EXERCISE PROMPT
Write out an exact copy of the line containing "3 bedroom semi-detached" and all lines that follow it in the data below, leaving out pictures.

Stored records:
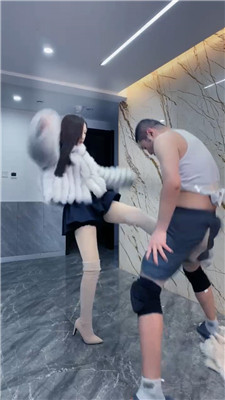 ekytp4cshss.jpg
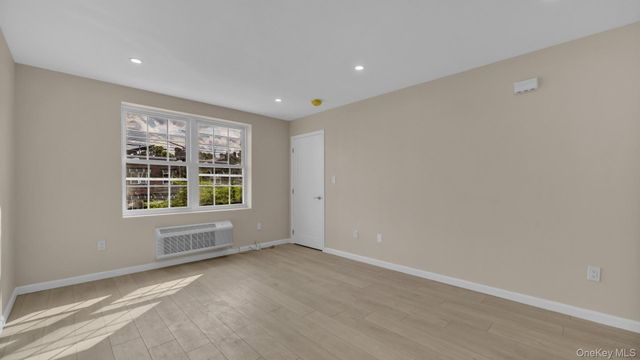 955 E 229th Street, Bronx, NY 10466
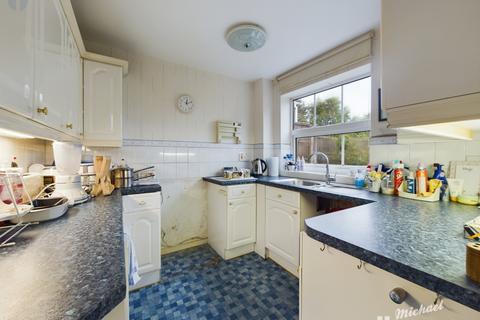 3 bedroom semi-detached house for sale, Dalesford Road, Aylesbury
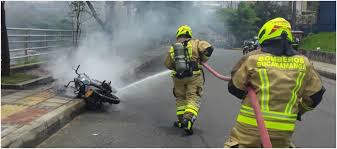 Bomberos de Bucaramanga atienden cuatro emergencias por incendios imagen de la publicación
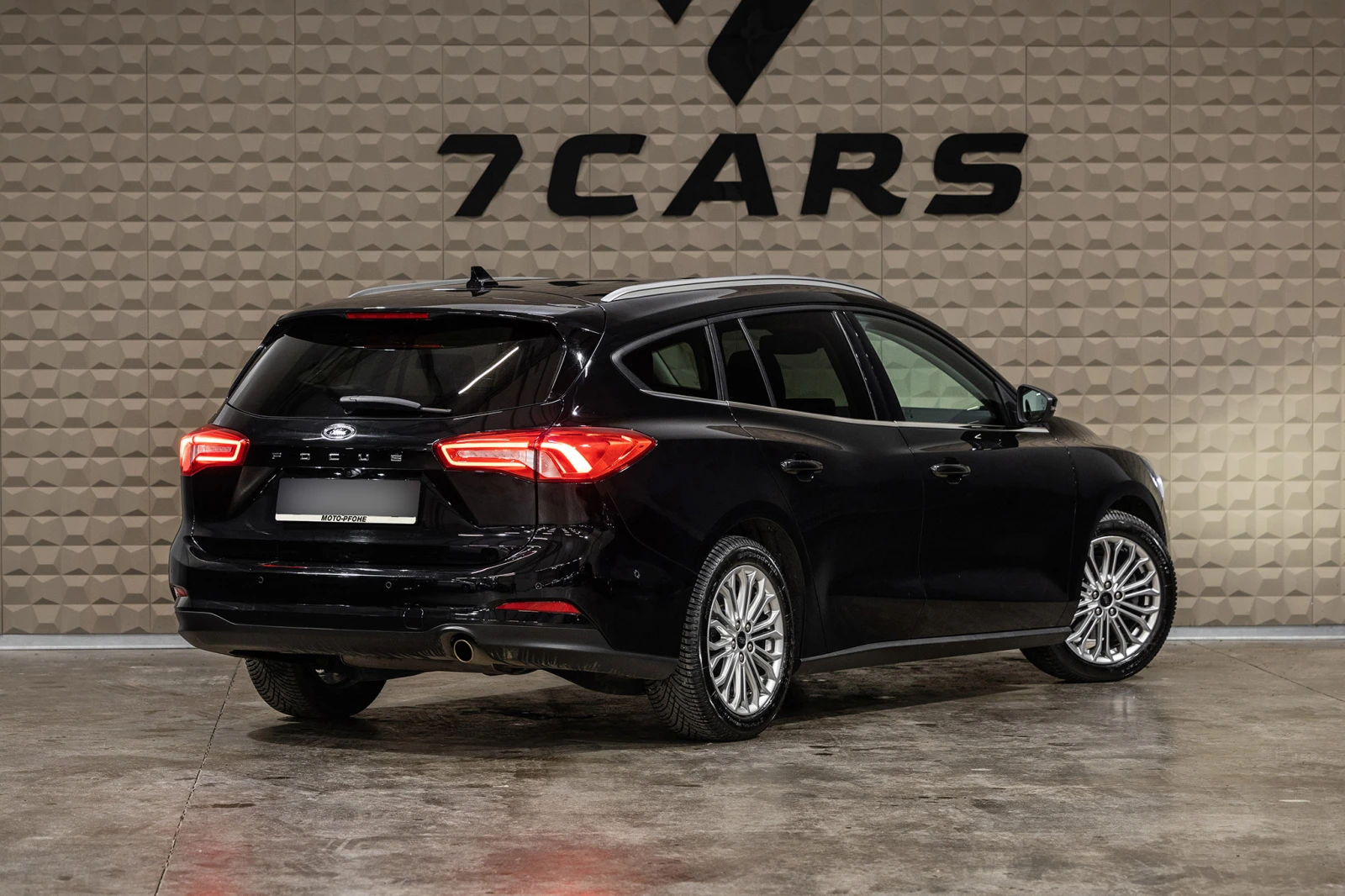 Ford Focus Подгрев волан * Подгрев Седалки * Apple CarPlay , снимка 6 - Автомобили и джипове - 53709574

SOLUTION TO THE PROBLEM
 3 bedroom semi-detached house for sale, Dalesford Road, Aylesbury
 Bomberos de Bucaramanga atienden cuatro emergencias por incendios imagen de la publicación
 Ford Focus Подгрев волан * Подгрев Седалки * Apple CarPlay , снимка 6 - Автомобили и джипове - 53709574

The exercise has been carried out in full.